In the quest for stable and efficient energy systems, researchers have long grappled with the challenge of subsynchronous oscillations (SSOs), particularly in weak grid conditions. A recent study published in *Southern Power System Engineering*, led by Yuxin Sun of Jiangsu University’s School of Electrical Information Engineering, offers a promising solution to this persistent problem. The research focuses on Virtual Synchronous Generators (VSGs), which, despite their benefits, can exhibit negative damping characteristics that trigger SSOs, leading to system instability.
Sun and his team have developed a method to determine the feasible domains for adding virtual impedance on the grid side to suppress these oscillations. “The virtual impedance can effectively suppress the subsynchronous oscillations, but different parameter values result in varying suppression effects,” Sun explains.
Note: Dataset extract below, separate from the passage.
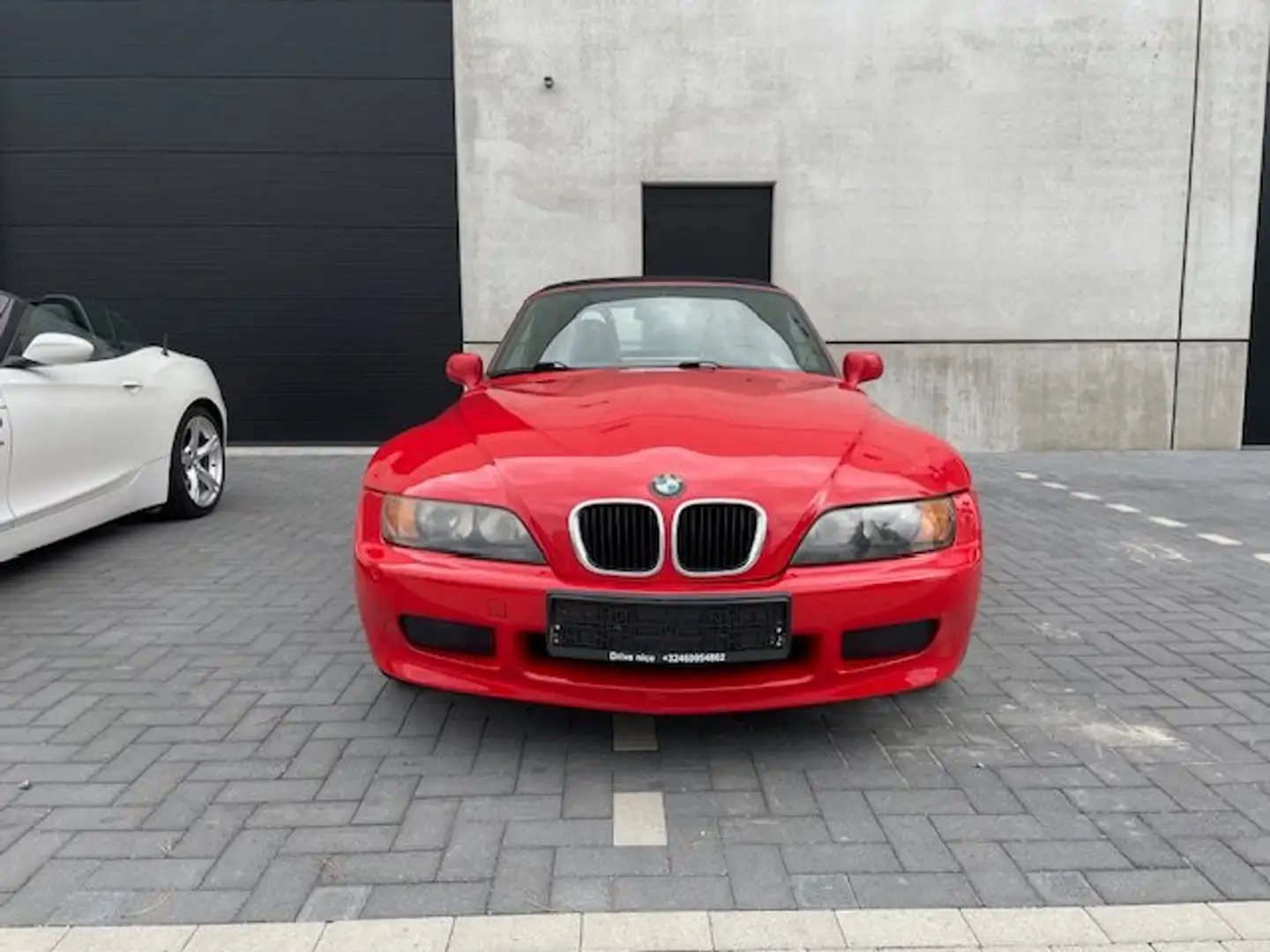 BMW Z3 Z3 roadster 1.9I Cabriolet, Leder, 140 PK,Garantie Rouge - 2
By analyzing the suppression mechanism through amplitude, phase angle, and electrical vectors associated with electrical resonance, the researchers introduced virtual impedance to alter the system’s impedance characteristics.
The study establishes a VSG sequence impedance model and determines the feasible domain of the virtual impedance under the constraints of output power and system stability. “Ensuring that the virtual impedance lies within the feasible domain can provide sufficient power output capability and suppress subsynchronous oscillations, thereby guaranteeing stable system operation,” Sun notes.
The effectiveness of this method was verified through MATLAB/SIMULINK simulations. By selecting different virtual impedance values and observing voltage, current, power, and frequency responses, the team demonstrated that introducing virtual impedance at the grid side can effectively suppress SSOs under weak grid conditions. The simulations also revealed that better suppression is achieved when the virtual inductance is relatively large and the virtual resistance is relatively small within the feasible domain.
This research has significant implications for the energy sector, particularly in regions with weak grid infrastructure. By providing a method to suppress SSOs, it paves the way for more stable and reliable energy systems. “This study offers a practical solution to a longstanding challenge in the field,” Sun says. “It has the potential to shape future developments in VSG technology and contribute to the overall stability of the grid.”
As the energy sector continues to evolve, the need for innovative solutions to ensure system stability becomes increasingly critical. This research by Sun and his team at Jiangsu University represents a significant step forward in addressing this need, offering a promising approach to suppressing subsynchronous oscillations and enhancing the reliability of energy systems worldwide.